Common Mistakes That End Spa 24 Races Early
Most retirements in this event are self-inflicted. A few patterns repeat every year.
The biggest one is overdriving the opening hour. Drivers treat lap one of a 24-hour race like a sprint qualifier, throw it into the wall at Raidillon trying to make a move that gains nothing, and end the team's race before the sun's gone down once. Race the first stint like you've got 23 hours left, because you do.
Skipping practice on pit stops and driver swaps is the next. Teams that have never rehearsed a stop lose 30 seconds fumbling the handover, or worse, send out a teammate who's never driven the car cold on slicks into a damp Pouhon. Run a practice session together and do real swaps before race day.
Plenty of teams also ignore fuel until the light comes on.

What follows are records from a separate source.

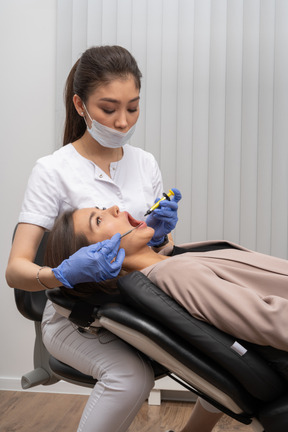 Dentista femminile in maschera e guanti in lattice che fanno iniezione al suo paziente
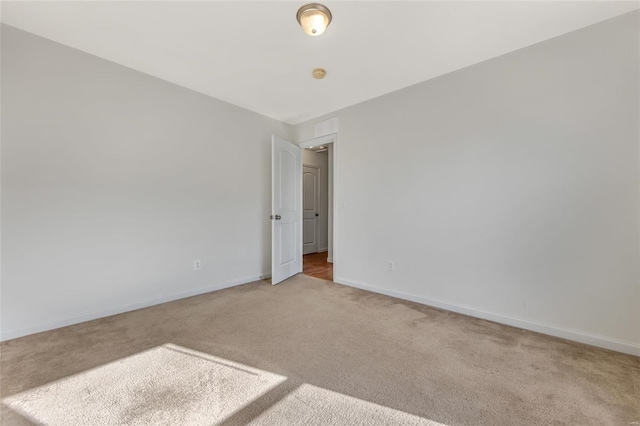 carpeted empty room with baseboards
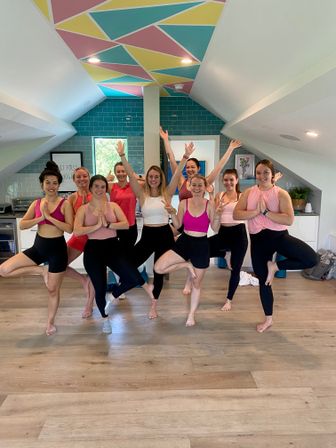 Smiling group yoga class of women practicing tree pose in a bright loft-style studio with hardwood floors, teal subway-tile accent wall and colorful geometric ceiling — indoor fitness/yoga session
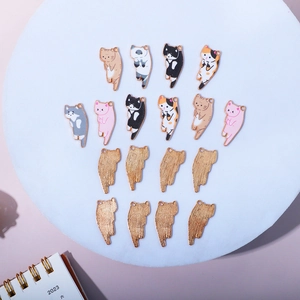 Macro detail of various colorful cat enamel charms with gold alloy base for DIY jewelry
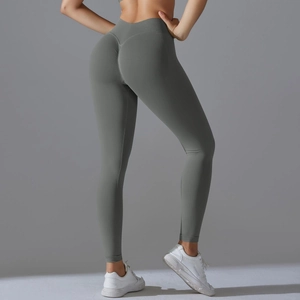Macro detail of high-waist seamless scrunch butt leggings in dark grey sport fabric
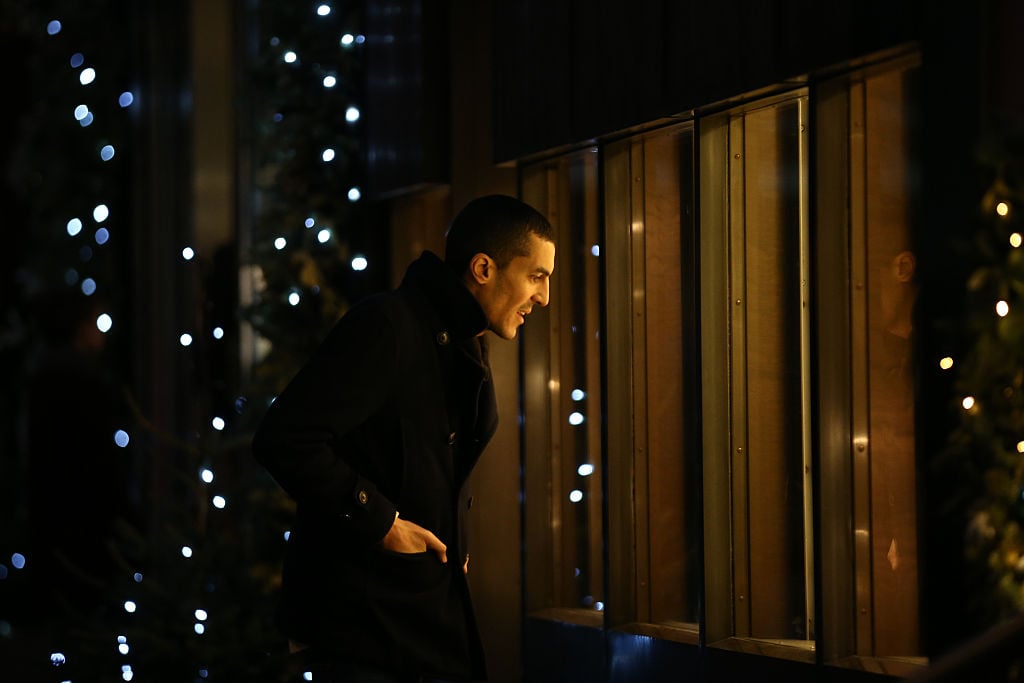 A man looks into the window of an antique jewellery shop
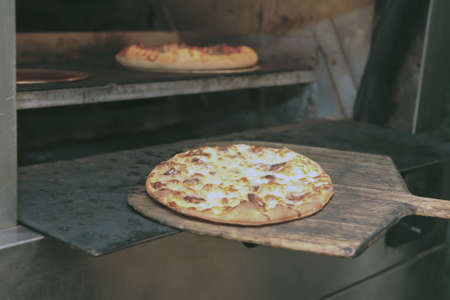 A pizza is being taken out of the pizza oven.の写真素材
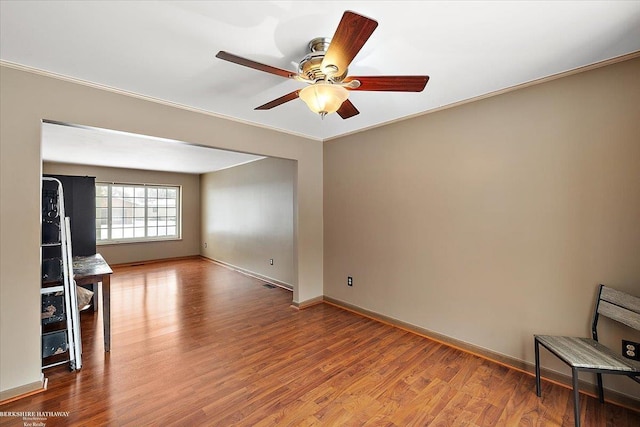 spare room with ceiling fan, ornamental molding, and hardwood / wood-style floors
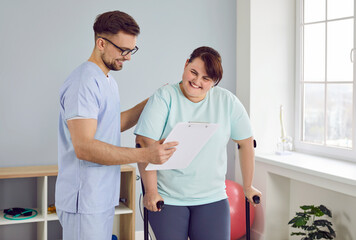 A cheerful friendly nurse showing fat young patient a report file and helping her to walk with crutches in medical clinic. Male physiotherapist or health care worker helping overweight woman in rehab
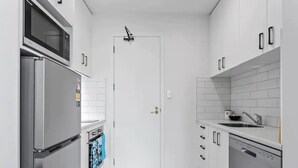 A modern kitchen with white cabinets, a stainless steel refrigerator, a microwave, a dishwasher, and a tiled backsplash. - Stunning Sky Tower View Studio Pool And Gym! (Auckland)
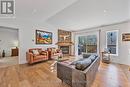 89 Trout Lane, Tiny, ON  - Indoor Photo Showing Living Room With Fireplace 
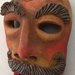Scultura maschera in terracotta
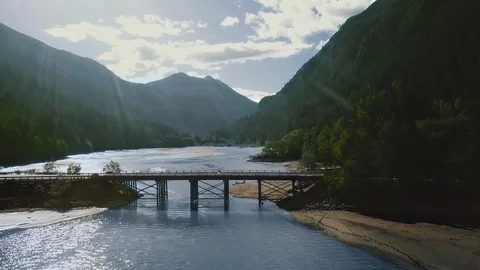 Drone camera shoots a bridge over a river between mountains with a dense forest Video stock 123392591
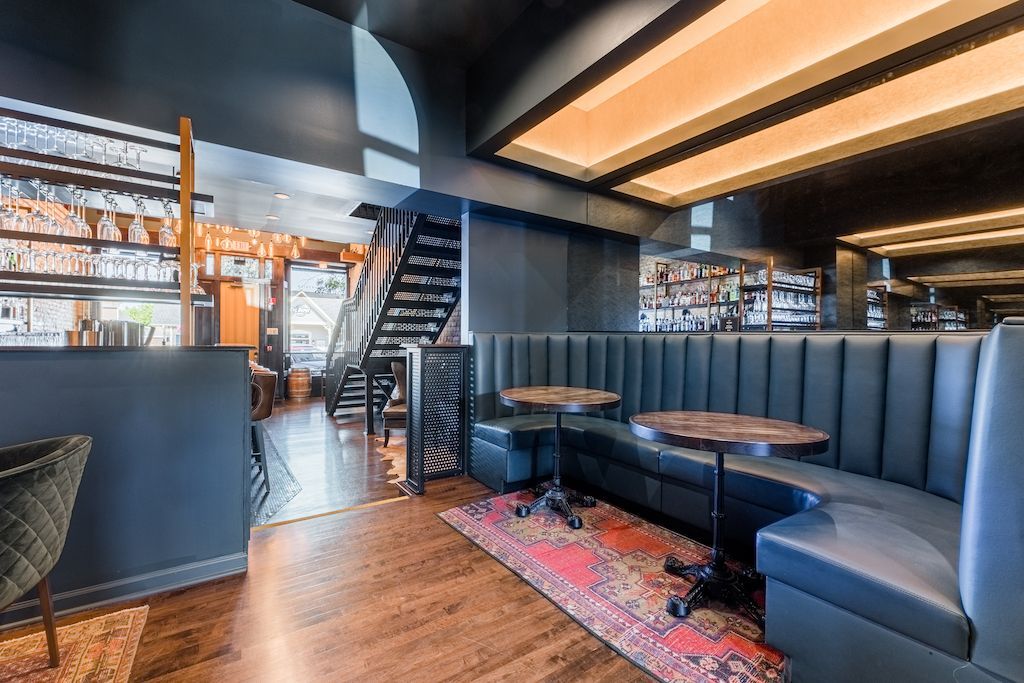 Cozy bar interior with booth seating, small tables, staircase, and a well-stocked bar.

Running dry on the Kemmel Straight is an embarrassing way to lose a lap, and five minutes of maths in practice removes the risk entirely. Then there's the hero divebomb into Les Combes in traffic. In a single-class field the car you're fighting is the same speed as you, so the all-or-nothing lunge that occasionally works against a slower class almost never sticks here. It just collects two cars.
Banking Your Spa 24 Result in Practice
The Spa 24 is won in the three weeks before July 10, not on the night. Get your team sorted, put in real stints at Spa until the lap is automatic and you can hit your fuel number in your sleep, rehearse your stops, and decide your wet-weather and night plans while you're calm. Do that and the race itself becomes the easy part: drive within yourself, keep it clean, and let the teams who didn't prepare hand you positions through attrition.

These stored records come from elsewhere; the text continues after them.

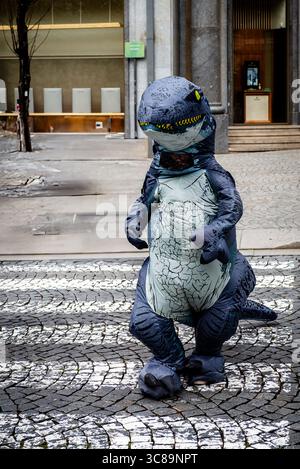 Person im Dinosaurier-Kostüm, die auf der City Street (Porto, Portugal) auftritt Stockfoto
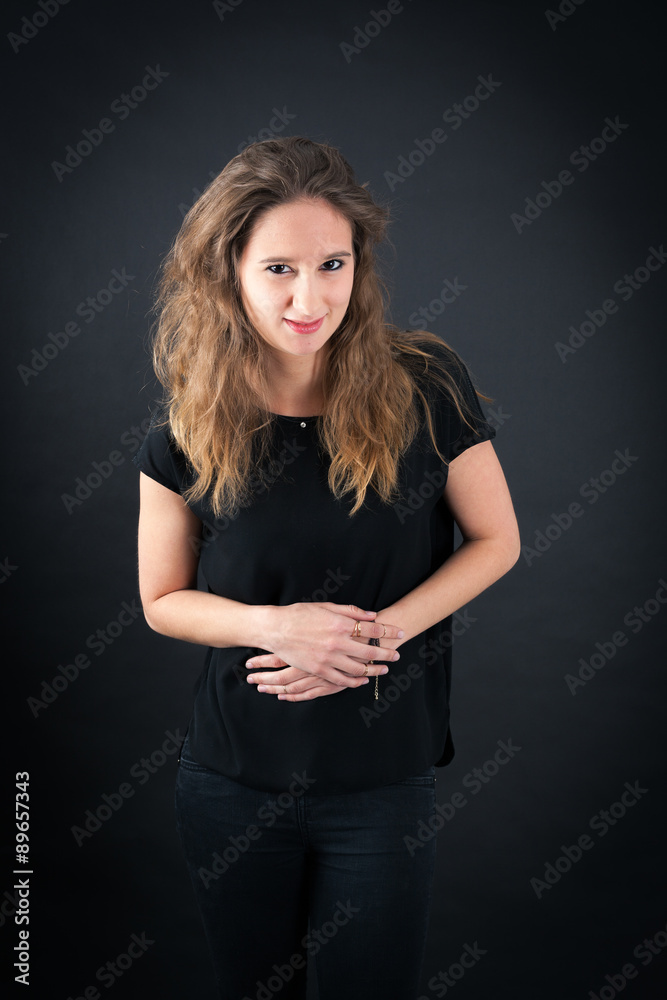 Beautiful woman doing different expressions in different sets of clothes: stomachache Beautiful woman doing different expressions in different sets of clothes: stomachache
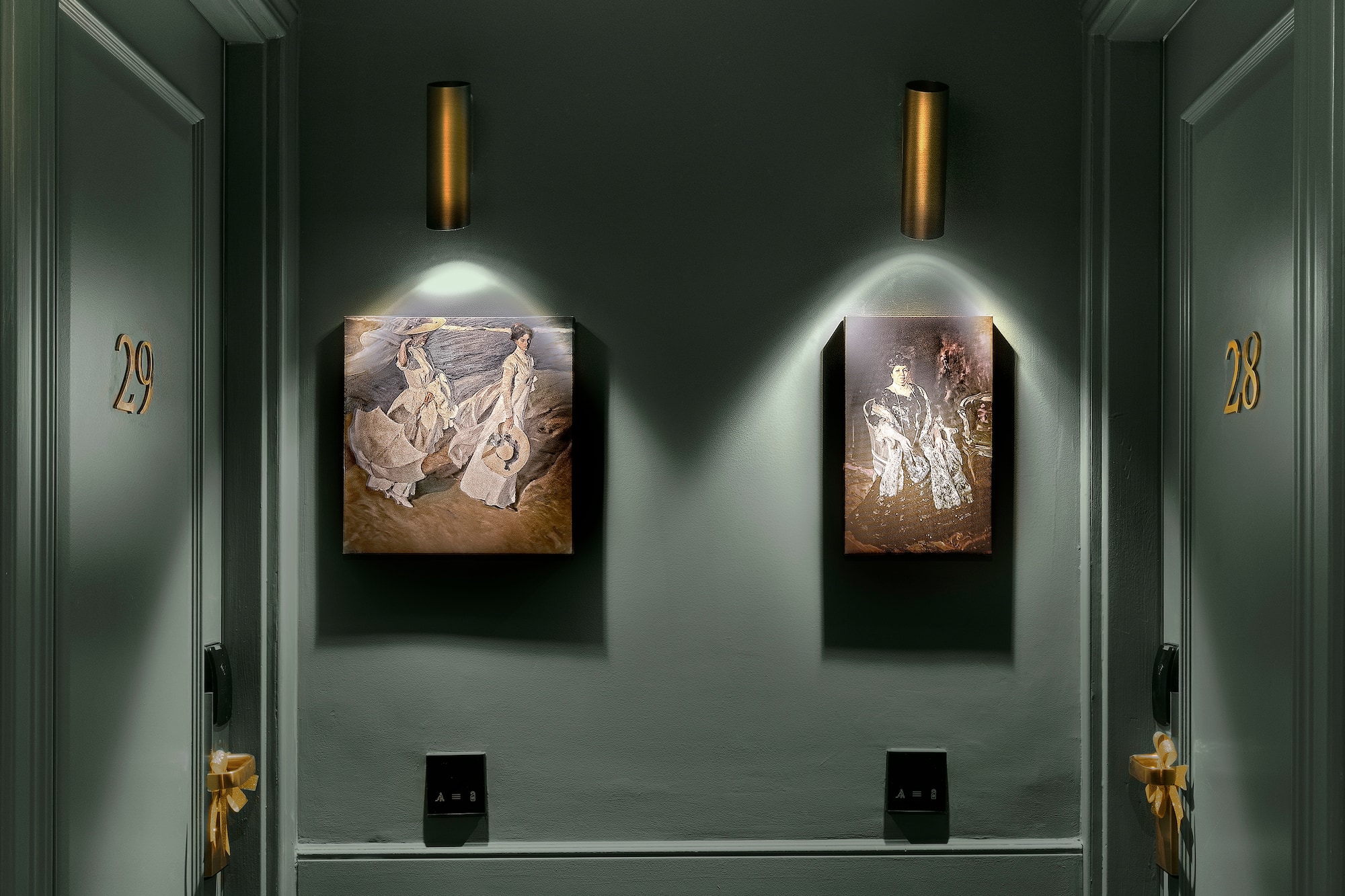 Dark hotel hallway with numbered room doors, elegant art, and brass wall sconces.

If you want a faster route through that practice, Mansell can coach you through your Spa stints, breaking down where you're losing time so you arrive at the green flag actually ready.
Written by the team at trophi.ai.
FAQ
When is the iRacing Spa 24 Hours in 2026?
The iRacing Spa 24 Hours runs July 10–12, 2026 at Circuit de Spa-Francorchamps, across four time slots over the weekend. Check iRacing's Special Events page for the exact slot times in your timezone.
Do you need a team to enter the iRacing Spa 24?
Yes. It's a team event for 2 to 16 drivers, and one person registers the team roughly an hour before the race opens. You can join an existing team or build your own inside iRacing.
What cars are used in the iRacing Spa 24?
It's a single-class GT3 event using the full current GT3 field, all balanced under iRacing's BoP. That includes the BMW M4 GT3 EVO, Ferrari 296 GT3, Mercedes-AMG GT3, Porsche 911 GT3 R (992), Chevrolet Corvette Z06 GT3.R, and the rest of the GT3 grid.